"Summer (The First Time)" is a song by American singer Bobby Goldsboro, recorded for his album of the same name and released as a single in June 1973. It was written by Bobby Goldsboro, Ashley Abram and Timmy Tappan, and produced by Goldsboro and Bob Montgomery.

Background
According to Bobby Goldsboro, the song was loosely based on something that happened to him with someone older, but not as romantic as that depicted in the song. The song was recorded largely as Goldsboro had envisioned apart from the piano riff that started the song and repeated throughout the song as well as the ending descending scale, which were written by his pianist conductor Timmy Tappan. The song was preceded by the sounds of ocean waves and seagulls, taken from a sound effect library. The label had wanted to remove these sounds to shorten the song, but Goldsboro insisted that they be kept.

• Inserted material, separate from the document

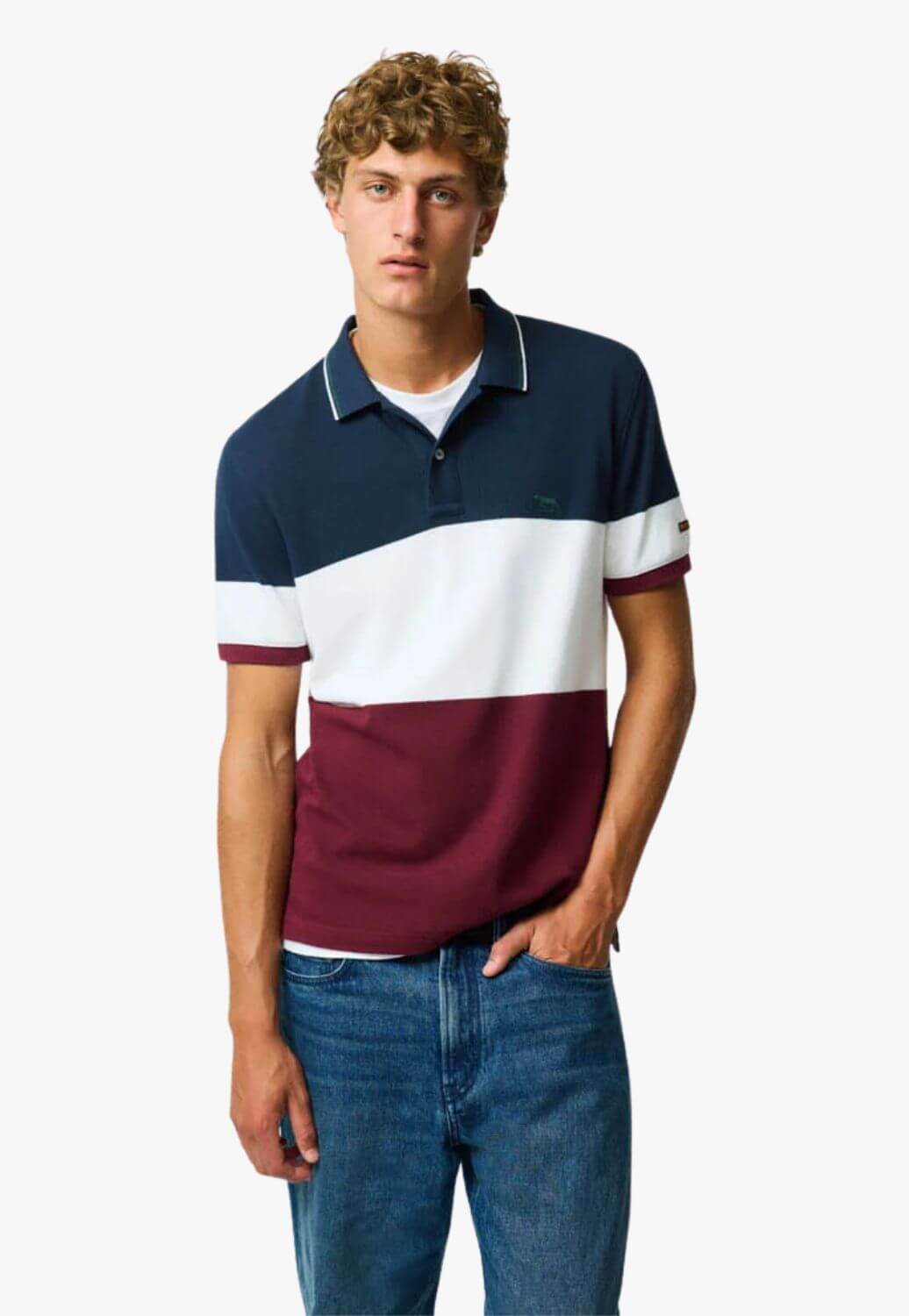 Rodd &amp; Gunn Mens Homebay Sports Polo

The song is about someone reminiscing about being a 17-year-old boy in his first romantic experience with a 31-year-old woman during the summer.  Using a repeating piano riff, 12-string guitar, and an orchestral string arrangement (engineered by Ernie Winfrey), the song was suggestive enough to spark some controversy at the time.  The sound of seagulls combined with the string arrangement at the start of the record, which last 57 seconds until the vocals come in, creates the impression of being on a beach in mid-summer.  Whilst Goldsboro' was writing the music he and his band made a television appearance on The Tonight Show.  During this appearance Goldsboro' played part of the song on guitar when musician Tappan first played the piano riff that dominated part of the song.

Chart history
The song was Goldsboro's second UK hit recorded on United Artists Records UP35558 and peaked at number nine in the UK Singles Chart, spending 10 weeks in the UK Top 50 singles chart.  It reached number seven in the Australia, and became a Top 40 Pop and Adult Contemporary hit in both the U.S. and Canada.

Weekly charts

Year-end charts

Cover versions
Although the German song Und Es War Sommer (1976) by Peter Maffay, covers exactly the same subject as Bobby Goldsboro's song, it cannot be considered as a cover, since the melody is clearly different. 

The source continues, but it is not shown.